-- EXERCISE DATA --

§

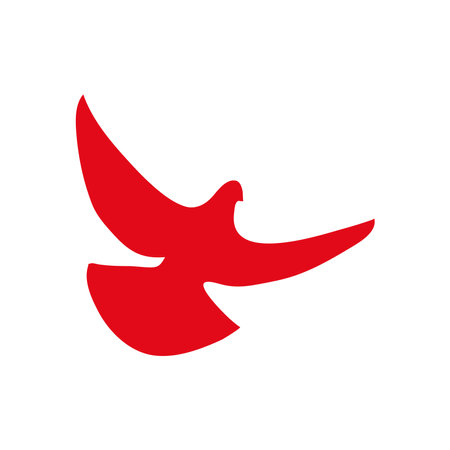dove shape icon over white background, flat style, vector illustrationのイラスト素材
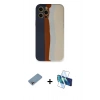 MARSİLYAN™- iPhone 12 Pro Max Kılıf Yadigar Çizgi - Siyah 3D Antistatik Cam Ekran Koruyucu + Shine Kamera Lens Koruma Cam - GI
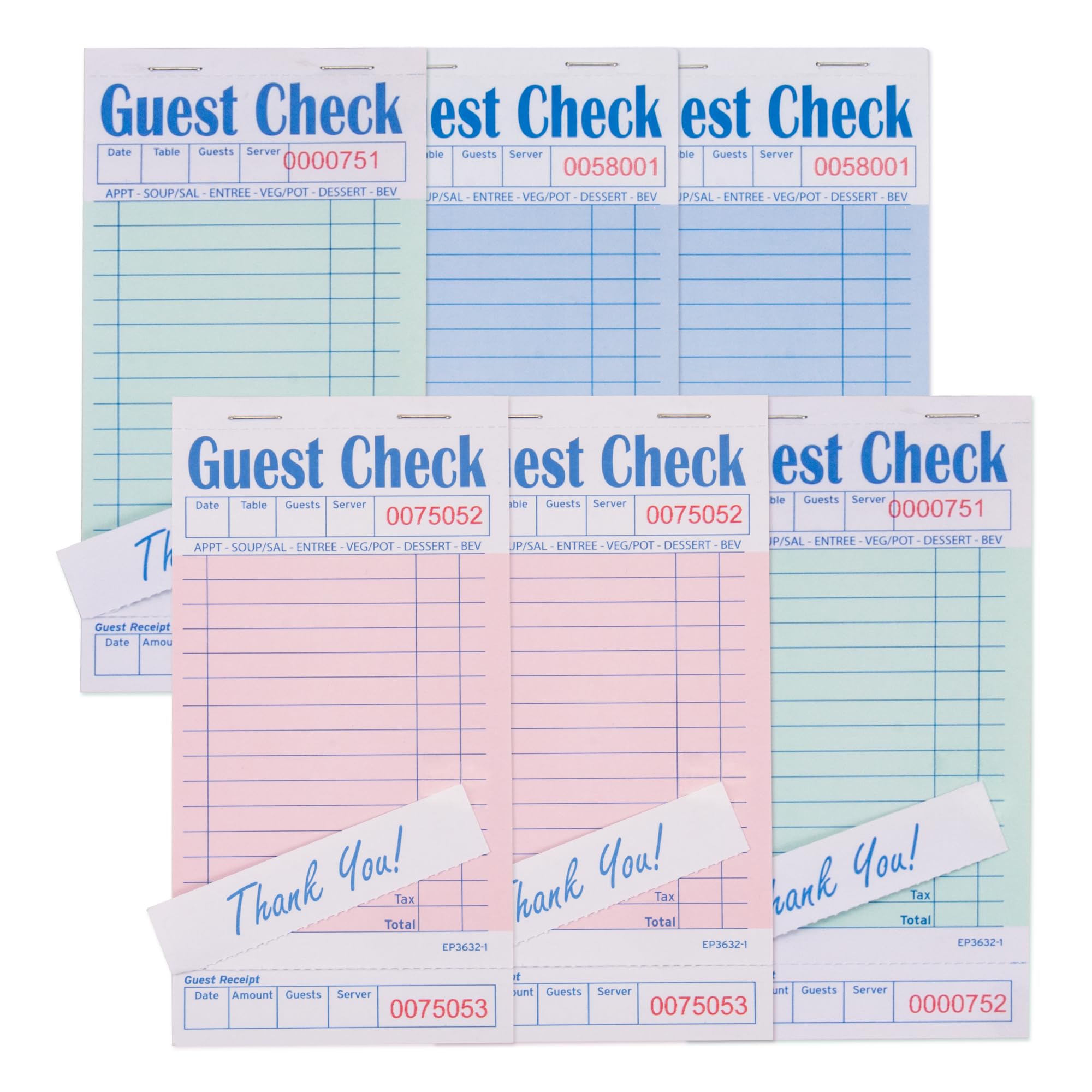 DGBDPACK Guest Checks Notizblöcke, 6 Stück, 300 Blatt, dickes Papier, 3 verschiedene Farben, 8,9 x 17,5 cm (EP-3632-1)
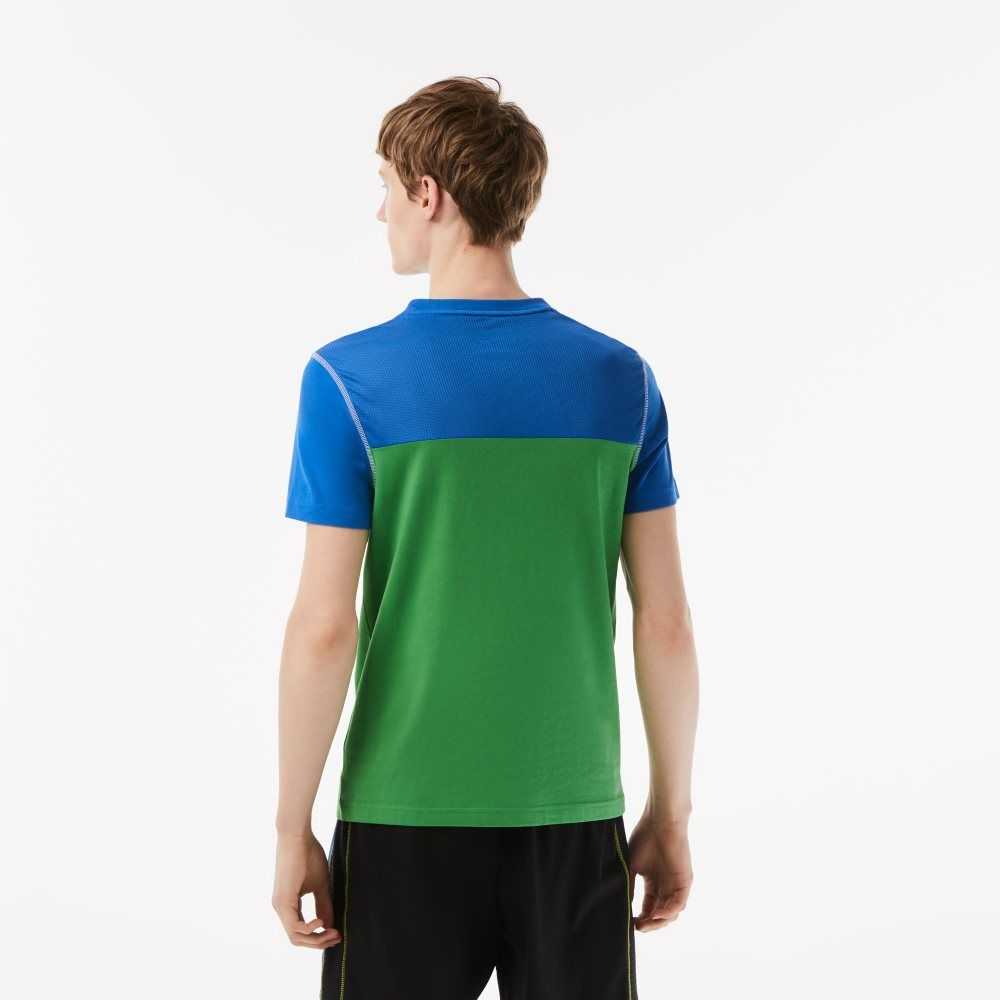 Blue / Green / White / Yellow Lacoste Tennis x Daniil Medvedev Jersey T-Shirt | GEKVAR-709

§

-- AIM OF THE EXERCISE --
With pictures excluded, the data must be transcribed in full and to the letter.

-- ANSWER TO THE EXERCISE --
dove shape icon over white background, flat style, vector illustrationのイラスト素材
 MARSİLYAN™- iPhone 12 Pro Max Kılıf Yadigar Çizgi - Siyah 3D Antistatik Cam Ekran Koruyucu + Shine Kamera Lens Koruma Cam - GI
 DGBDPACK Guest Checks Notizblöcke, 6 Stück, 300 Blatt, dickes Papier, 3 verschiedene Farben, 8,9 x 17,5 cm (EP-3632-1)
 Blue / Green / White / Yellow Lacoste Tennis x Daniil Medvedev Jersey T-Shirt | GEKVAR-709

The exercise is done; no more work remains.